Rather than thinking about Plan B, let’s first see if we can do some more down to earth things like building strong EDA’s throughout the country, raising more funds and increasing our support.
If you think we’re ready to launch a World War II level-of-effort Plan B, getting a few dozen seats in parliament should be a piece of cake by comparison.
Ard Van Leeuwen (Dufferin-Caledon, ON)
Ard Van Leeuwen (Dufferin-Caledon, ON)
The views I express on this blog are purely my own and should not be construed to represent the official position of the Green Party of Canada.
war-free zone
"we need to plan for a World War II level-of-effort to revamp our society"
Brian, you're not letting go of this, we see. When hopefully persuasive language is pretty much all one has, what one's words conjure are an essential matter. I have spoken against GPC rhetoric invoking moon launch, Americana, Churchill & Chamberlain, WW-whatever, &c. There is no place any longer for this stuff in real green minds. Some ideals, methods & institutions, with important reformation, from the grossly destructive modern age should be used, lest we face, I agree, ruin
(an example at http://www.greenparty.ca/en/node/4574#comment-4800). But one has to just drop most of the mainstream historical Anglo world heroes & heroic activities as models. Greens cannot come to prescribe centralized command & control, as your rhetoric suggests. Central power should back up & be educative for local adaptations. Canada is a true world leader in cross-jurisdictional administrativia, although the EU seems to be catching up. Our success in large part is a result of isolation from armed conflict. Our green failures have been for going along with so much Anglo warlike leadership. "Thinkers" behind the Cons. like to proudly point to things like Vimy Ridge being utterly formative or our country. It is a travesty that it was so (see http://www.greenparty.ca/en/node/2581#comment-1795, esp. end). It would be a further travesty if we were to be so taken by the manipulative political hogwash south of our border that is driving to put Obama & his "color revolution" subverter associates in just such a place of command & control, and above all positioning for more & even increased, believe it, belligerence abroad. If you & others persist in making appeal to "war efforts", you are playing further into the century-long continuum of violent depredation that manipulators will likely easily slide an acquiescent public into after their assimilation to more grandiloquent hogwash.

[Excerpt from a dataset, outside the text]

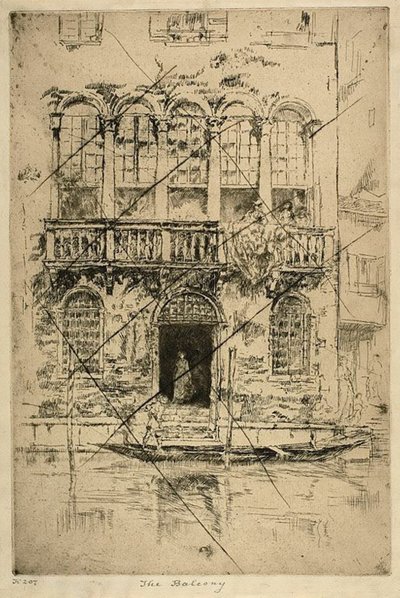 Der Balkon von James Abbott McNeill Whistler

Stop the war-talk. I repeat what I said at http://www.greenparty.ca/en/node/3265, "If English-speaking people can still only be largely motivated to great causes by warlike rhetoric, I truly think there is no hope for them in the end."
I agree that devising a
I agree that devising a comprehensive Plan B is biting off more than we can chew. However, I think Brian has made some excellent points regarding what actions to take should the worst come to pass. Just like our carbon tax idea, we cannot implement it alone but we may be able to garner support from one or two mainstream parties that have a better chance of enacting such measures.
As far as the war terminology, I think we're nit picking a bit. When people look for examples of concerted actions by an alliance of nations, the obvious ones come from war. Despite the folly of such endeavors, we still have the most powerful and influential nation on earth mounting "wars' like the War on Terror, War on Drugs, War on Poverty, etc.

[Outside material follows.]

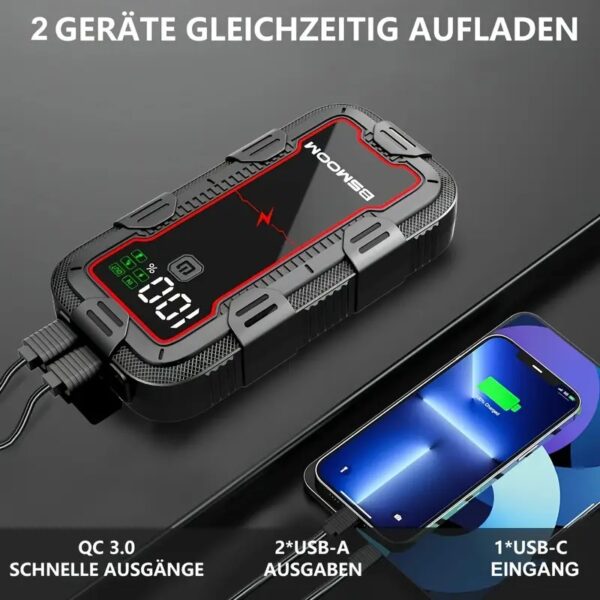 BOOSTER STARTHILFE AUTO 12V - 26.800 mAh – Bild 6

The great achievements throughout history tend to be tied up with military campaigns - the Great Wall of China, Hadrian's Wall, colonization of the New World, Cold War-inspired Space Race, etc. etc.
It's not easy to find an example of concerted, multi-national effort that doesn't involve some war terminology. FDR's New Deal springs to mind but was it really the socialistic New Deal that lifted the US out of the Great Depression, or was it entry into WW II?
I like the idea of the GPC's "Hope Chest" vs. the typical party's "War Chest." I'd like to see us try to use metaphors and examples that steer clear of war analogies. I don't think Brian was too militaristic in his article, though. Are there non-warlike metaphors that could have been employed to reference a massive global effort? Maybe. Let's try to think of a few and we won't be tempted to use war and military examples.
Jim Elve
Communications Chair
Haldimand-Norfolk
The views expressed here are mine alone and are not the official position of the Green Party of Canada.
Jim Elve
The opinions expressed here are purely my own and do not represent official Green Party of Canada policy or positions.
plan R
Nitpicking. My whole point is that such underestimation of the effect of language risks having a good cause subverted or piggybacked on for ugly purpose, disallowing access to changing the root of the matter. English-speaking peoples are particularly prone to this (see http://www.greenparty.ca/en/node/4576#comment-5041). But you make exactly my point, in spades, by mentioning the war on this, the war on that. All three wars you cite are fake, and gotten away with in large part because of the corruption of discourse.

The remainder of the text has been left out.